Im Winter in die Sauna – Der heißeste Schutz fürs Immunsystem

Eine robuste Gesundheit ist besonders im Winter von Vorteil. Wenn vermehrt Erkältungs- und Grippeviren auftreten, lohnt sich der wöchentliche Saunagang.

Sobald die Tage kürzer, kälter und feuchter werden, steigt auch das Risiko, an einer Erkältung oder gar Grippe zu erkranken. Wohl dem, der bereits vorgesorgt und im Laufe des Jahres sein Immunsystem unterstützt und den Körper abgehärtet hat. Ein beliebtes und wirksames Mittel dafür ist der regelmäßige Gang in die Sauna. Laut Deutschem Sauna-Bund e.V. nutzen bereits etwa 30 Millionen Deutsche das Schwitzen in Gesellschaft, um sich etwas Gutes zu tun.
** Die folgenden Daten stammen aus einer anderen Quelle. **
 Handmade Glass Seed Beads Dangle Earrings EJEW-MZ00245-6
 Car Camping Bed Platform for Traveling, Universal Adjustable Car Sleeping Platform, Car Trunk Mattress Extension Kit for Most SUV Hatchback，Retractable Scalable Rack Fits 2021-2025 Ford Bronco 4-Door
Über 70 Prozent gehen extra zum Abhärten und zur Erkältungsvorbeugung in ein Saunabad. Kein Wunder, sorgt doch das Saunieren nicht nur für Wohlbefinden, sondern nachweislich tatsächlich für ein stärkeres Abwehrsystem.

Was passiert in der Sauna?

Das kontrollierte Schwitzen hat einen vielfältigen Nutzen für Körper und Gesundheit. Es wird nicht nur die allgemeine Abwehr gestärkt, sondern auch die Durchblutung insbesondere von Fingern, Zehen, Ohren und Nase angeregt – alles Körperteile, die im Winter öfter einmal kalt werden. Durch die stärkere Durchblutung der Atmenwege während und unmittelbar nach dem Saunagang können zudem Krankheitserreger besser und wirksamer bekämpft werden. Fast nebenbei ist auch eine Stabilisierung des vegetativen Nervensystems beobachtbar, was zu mehr Ruhe und Entspannung verhilft – neben einem gutem Immunsystem zwei Aspekte, die sich ebenso positiv auf die Gesundheit auswirken.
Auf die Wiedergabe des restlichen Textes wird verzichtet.